Participants will have 8 weeks to review the 50 spirometry traces; reminders will be sent at weeks 3, 6 and 7 to those who have not completed their assessments (figure 2).

Figure 2
Figure 2

Study schedule. ARTP, Association for Respiratory Technology and Physiology; GP, general practitioner.

Intervention: AI spirometry software

The AI software was developed by ArtiQ (Leuven, Belgium), and provides AI-supported quality assessment and interpretation guidance of spirometry sessions (online supplemental file). The quality assessment component leverages deep learning methods to perform the subjective assessment of spirometry quality assessment (ie, related to curve shape), as well as implementing the objective criteria from international guidance (ie, related to numeric criteria). The AI component of the software mimics the subjective visual inspection of data usually performed by technicians. Per session it provides an overall session quality grade according to ATS/ERS 2019 Spirometry Technical Statement (A–F) and calculates the best trial (spirometry trace) which should be considered for diagnostic interpretation. The model was trained based on spirometry measurements from the National Health and Nutritional Examination Survey (NHANES 2011–2012)12 and validated in clinical trial settings.14

The spirometry interpretation component is a decision support software focusing on the diagnostic interpretation of spirometry sessions. It provides support in pattern interpretation according to international interpretation guidelines (ie, normal, obstructive and/or restrictive)15 and a disease probability. The disease probability model was originally trained to distinguish eight of the most common categories (seven diseases+normal lung function) detectable with full pulmonary function testing.13 For use in primary care settings, the model has been adapted to identify six categories—asthma, COPD, ILD, normal lung function, other obstructive disease (such as cystic fibrosis and bronchiectasis) and other unidentifiable disease—solely based on spirometry using the same training set. The rationale for reducing the number of categories to identify is based on the reduced lung function dataset available when working in a primary care environment compared with a hospital-based pulmonary function testing laboratory. The categories selected are those most commonly found in primary care, with spirometry testing indicated mainly in COPD and asthma diagnosis.

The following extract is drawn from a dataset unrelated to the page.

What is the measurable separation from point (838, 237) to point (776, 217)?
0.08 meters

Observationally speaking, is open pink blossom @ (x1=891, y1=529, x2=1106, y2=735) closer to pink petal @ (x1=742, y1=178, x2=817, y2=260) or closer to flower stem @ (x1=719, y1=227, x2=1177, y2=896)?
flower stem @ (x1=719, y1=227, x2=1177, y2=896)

When the quality model identifies the data quality of the spirometry session to be poor (ie, quality of FEV1 and/or FVC is not A or B according to ATS/ERS 2019 guidelines), the following disclaimer is added to the interpretation report: ‘Data quality is not sufficient. Interpretation above might not represent the patient’s lung function’. Participants will still be asked for a diagnosis and spirometry interpretation despite the bad quality.

Reference standard

Reference standards for diagnosis for the 50 spirometry traces were defined before commencement of the trial, by two pulmonologists. Primary and secondary care medical records were reviewed independently by two pulmonologists from the RBHH, UK. The diagnostic reference standard was attributed to one of six categories (COPD, asthma, ILD, other obstructive disease, normal, other) by each pulmonologist. In participants with multiple respiratory diagnoses (eg, COPD and ILD), the pulmonologist was asked to choose, to the best of their abilities, the predominant category. If consensus could not be reached between the two pulmonologists, these cases and their medical records were reviewed by a third pulmonologist to adjudicate independently. All pulmonologists (SSK, WD-CM, NSH) were accredited specialists in respiratory medicine with a minimum of 8 years as a consultant in the National Health Service, with expertise in the diagnosis and management of COPD and other chronic respiratory diseases. Pulmonologists had no access to the AI software reports, nor had any communication with the software engineer or software company.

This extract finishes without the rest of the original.